My car has OnStar driver assistance. I tap a button and a live representative comes on the line. I was driving the other day and asked them for directions to a restaurant.
(Yes, this is a post about webinars. Stay with it.)
The representative downloaded the directions into my car’s navigation system and I completed the drive with a delightful Ethiopian meal. I thought no more about it.
EXCEPT…
The company won’t stop sending me emails. “You recently contacted us. Please tell us how we did. Thinking about your overall experience, on a scale of 0 to 10 how likely would you be to recommend OnStar to a colleague, friend, and/or family member?”
In my mind, I didn’t “contact them.” Of course I technically did, but it wasn’t significant to me. I got the information I needed and went on with my day, giving it nary another thought. I’m not interested in reflecting on “how they did.” That’s more work than I wanted to put into the transaction.
This is now a universal scenario. Every damned time you have a transaction with anybody, for anything, in any context, no matter how briefly, you will be asked for an opinion about how it went. Check your fast food receipt. There’s a feedback request at the bottom (just enter these 28 digits to identify the transaction you are commenting on). Call someone to ask a question about your bill. Have an online chat session to track an order. You’ll be asked to complete a short survey because your opinion truly matters to them.
And webinars are no different. Five years ago I wrote a blog post saying “I am a big fan of post-webinar surveys.” I’ve changed my opinion on this. Oversaturation has soured me on the concept. And I’m not the only one… I administer many webinars for many clients in many industries across many topics. The one common factor I can tell you is that we are getting fewer and fewer responses on our post-webinar surveys. Nowadays you are lucky to get more than a small handful of people to complete the request.
There’s no magic bullet to getting truly high completion rates on post-webinar surveys, but I can give you a few tips that might at least make them high-er!
- Shorter! Shorter! Shorter! Every additional question you ask reduces the probability that people will complete it.

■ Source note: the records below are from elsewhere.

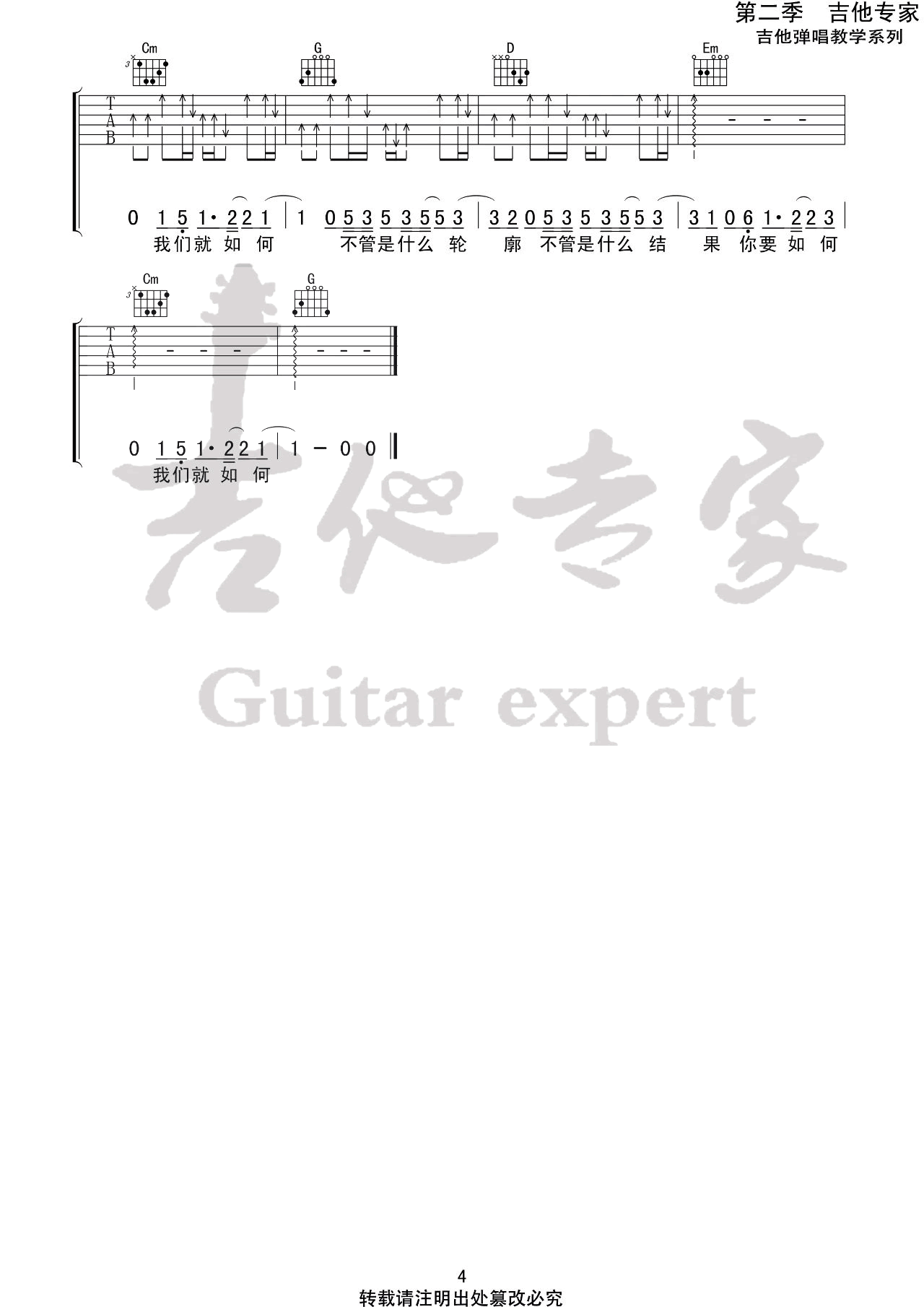 康姆士乐团《你要如何我们就如何》吉他谱4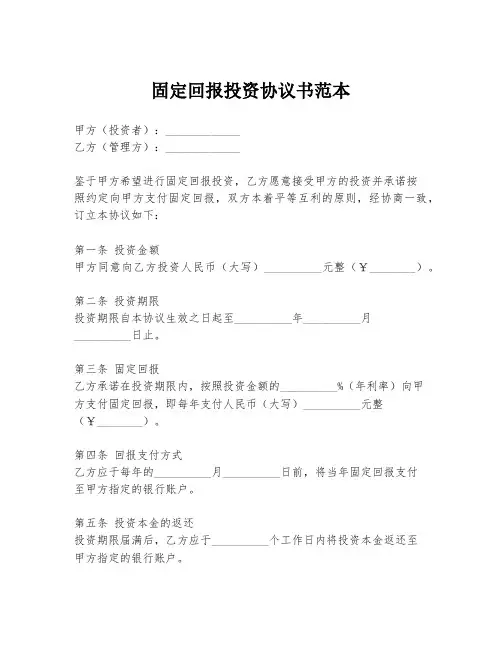 固定回报投资协议书范本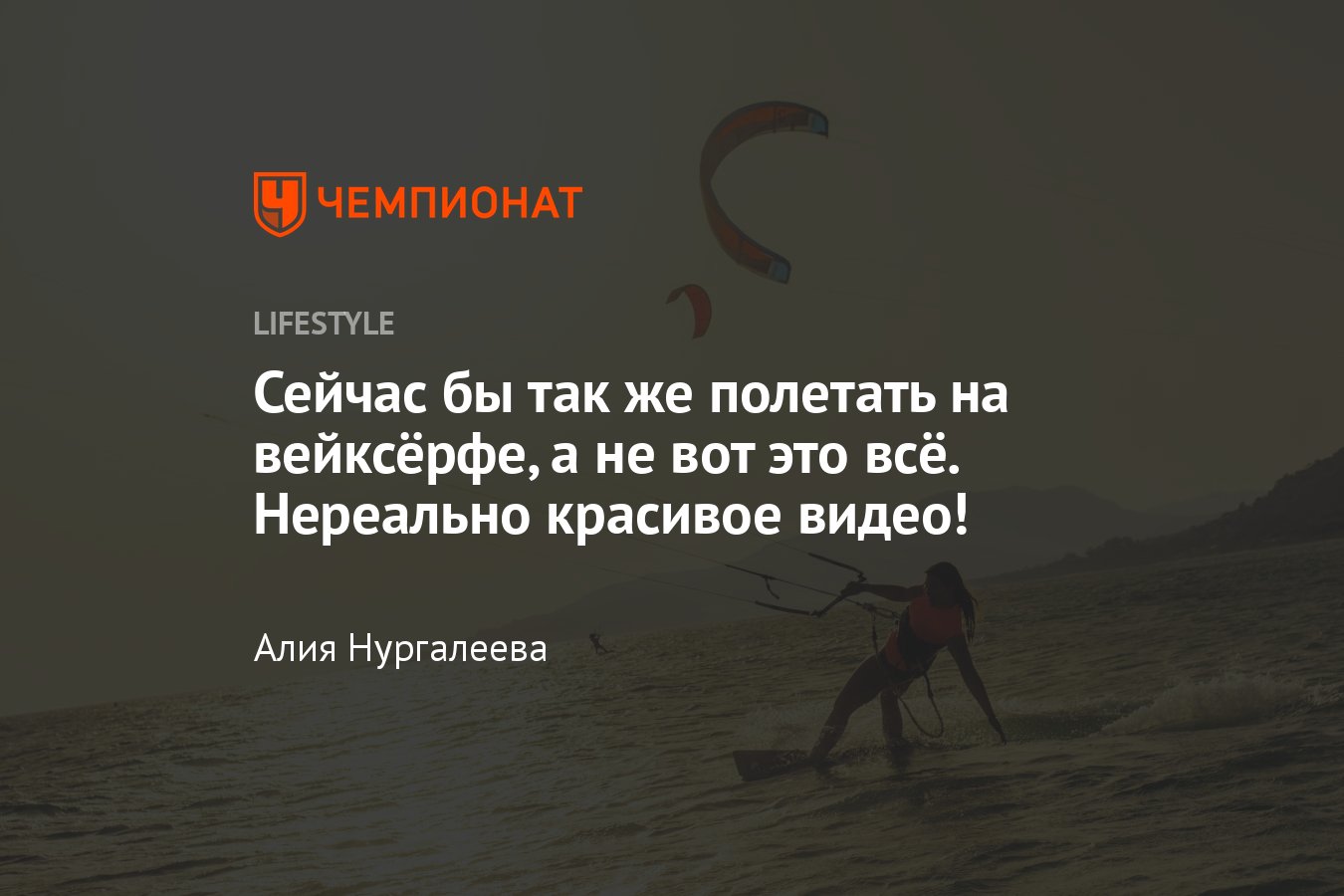 Сейчас бы так же полетать на вейксёрфе, а не вот это всё. Нереально  красивое видео! - Чемпионат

It doesn’t matter whether they are required or optional. Just seeing a bunch of questions makes people close the page.
- Don’t ask ambiguous questions. “Rate the presenters” is useless with more than one speaker. What if one person was good and another was bad?

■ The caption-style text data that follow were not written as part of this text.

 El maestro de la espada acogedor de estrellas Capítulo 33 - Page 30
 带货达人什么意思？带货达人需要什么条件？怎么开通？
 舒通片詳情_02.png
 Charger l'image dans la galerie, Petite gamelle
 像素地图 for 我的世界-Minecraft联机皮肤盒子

- Don’t ask whether you would recommend the webinar. “Would you recommend this webinar to a friend or colleague?” The answer tells you nothing. Maybe they liked it, but they don’t like recommending things. Maybe it was right for their interests, but they don’t know others with similar interests. Maybe they wouldn’t recommend it because of general dissatisfaction, which still gives you no actionable information.
- Pick one rating scale. Don’t swap between 5-point and 10-point scales within the same survey. 5-point scales are general better because they require less thought on exactly where to answer. What’s the difference between a 7 and an 8 response?
- Only include one comment box. Don’t add optional comments to every rating question. Just put one box for “Additional comments, clarifications, and suggestions.”
- Set up value to the attendee. Tell them you want to refine your webinars to make the content, presenters, and format more useful and valuable for your listeners. Never make the responses about the benefit to you (“Please help us out by answering”), make it about them (“We’d like to make these webinars more useful for you, and you are the only one who can tell us how to do that”).
- Give an incentive. Everybody who fills out the survey gets a handout. Or is entered in a drawing. Of course this kills the ability to do anonymous surveys, but in conferencing products where the survey is integrated and you know the responders anyway, you can use that info.
And the most important piece of advice is to step back and truly ask yourself if you are making any substantive changes based on the responses you get to your surveys. In most cases, the answer is no. Somebody glances over the numbers, which look good on status reports, but the next webinar follows the exact same format as every one before it. All you’ve done is wasted your audience’s time and increased their frustration. Give them the information they requested in the webinar and let them move on with their day.